Idlewild, The Twilight Sad, Desert Hearts
"Some people have no f***king taste" bemoans Charlie Mooney, just a touch puzzled at the lack of recognition afforded Desert Hearts. He has a point. Tonight the three-piece are on scathing form, their set joyously malevolent, guitars brutally contorted, bass full of dread and drums formidably dynamic. The Rasputin-bearded Mooney spits out lyrics flecked with poison, 'Gravitas', inviting regret, is emotionally devastating.
Desert Hearts can be sincere, they can be sarcastic, but always they are captivating. Only the thinness of the vocals mars this performance, the singers being overwhelmed by the thundering sonics. But, songs such as the brilliantly shape-shifting 'D Moon Pilot' and the unquenchable desire of 'Sea Punk' leave an indelible mark.
The vicious squall of guitars and anguished tones of the singer, Glasgow's The Twilight Sad have obviously been brushing up on their Jesus and Mary Chain. Unfortunately no amount of study will enable them to emulate the genius of their noise-rock predecessors, they simply don't have the songwriting know-how. The frontman stands in side profile to the audience, wringing words through a deep baritone that recalls The Tindersticks, and though the voice and some disturbingly acute lyrics rouses the interest, the dourness of the music fails them, the infinite screech becoming numbing and empty.
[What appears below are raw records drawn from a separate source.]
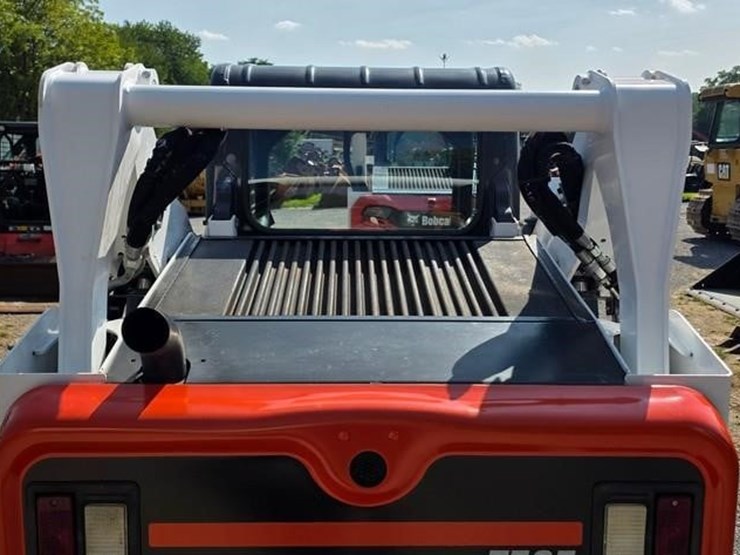 2019-bobcat-t595-image-21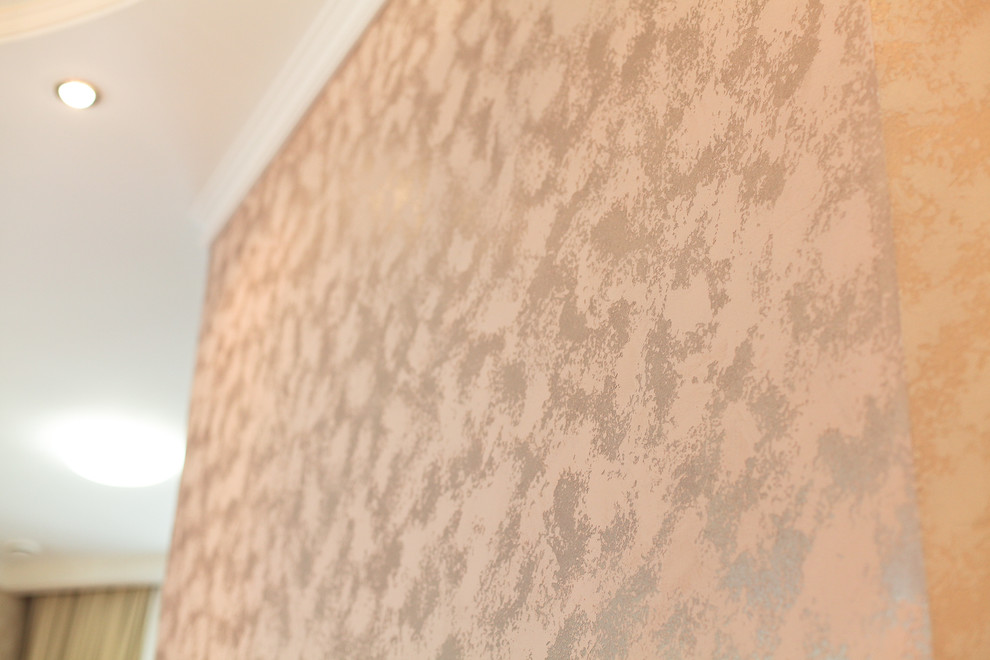 Коттедж: классический интерьер в бежевых оттенках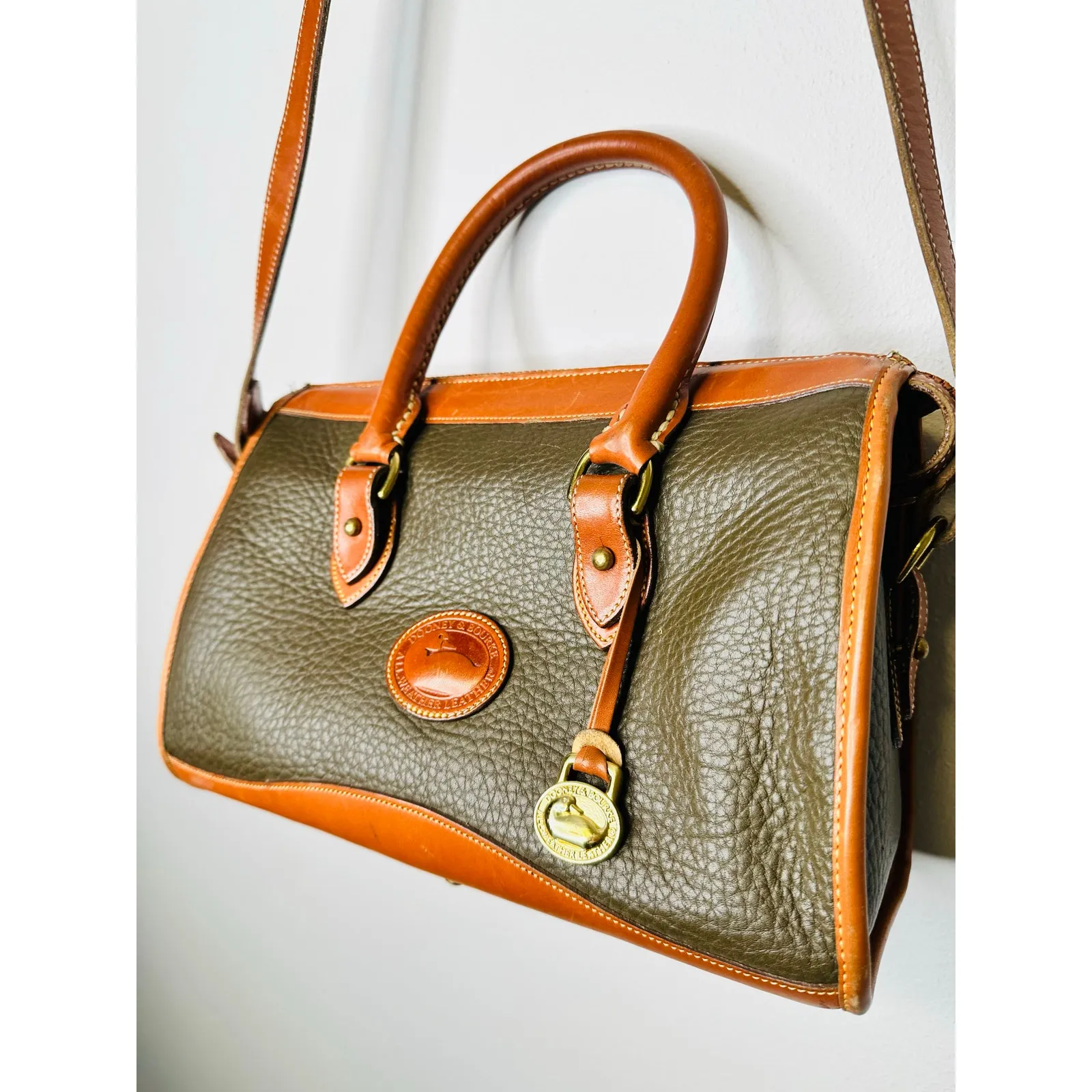 DOONEY & BOURKE Vintage 90s Olive Green Leather Top Handles Crossbody Handbag - Image 3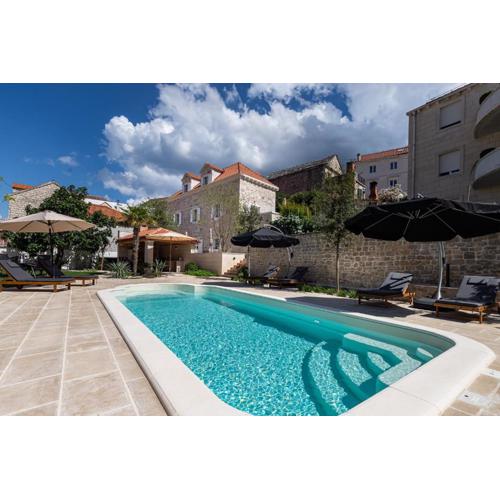 Grand Stone Casa Ciccarelli by Irundo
From the grunge-rock frenzy of 'Queen of the Troubled Teens' through the pristine indie-rock of 'The Remote Part' and, almost full circle, the fury and efficiency of 'Make Another World', the last ten years have been a curious journey for Idlewild, a voyage distinguished by a flirtation with the big-time and, not least, by intuitive melodies and the garnering of a devoted fanbase. Tonight the faithful are out in force, lured by the promise of a distinguished, heavy hitting set. Idlewild make good on that promise.
From the face-pounding clang of 'Little Discourage' to the sumptuous ruminations of 'El Capitan', Idlewild make transitions in tempo and approach with conspicuous ease. 'American English' is a work of towering majesty, the audience attracted to the chorus as surely as iron filings to a magnet. The long-time fans love every minute of course, but fall especially hard for renditions of older, rarely heard fare, 'Captain' a shock of stinging guitar and Roddy Woomble's enraged yelp creates a maelstrom of slamming bodies amongst the front rows. Woomble is polite, but a little subdued, he thanks us, but keeps between songs banter to a minimum.
No matter, the closing, head-down, heart-stirring rush of 'You Held The World In Your Arms' provides consolation in abundance.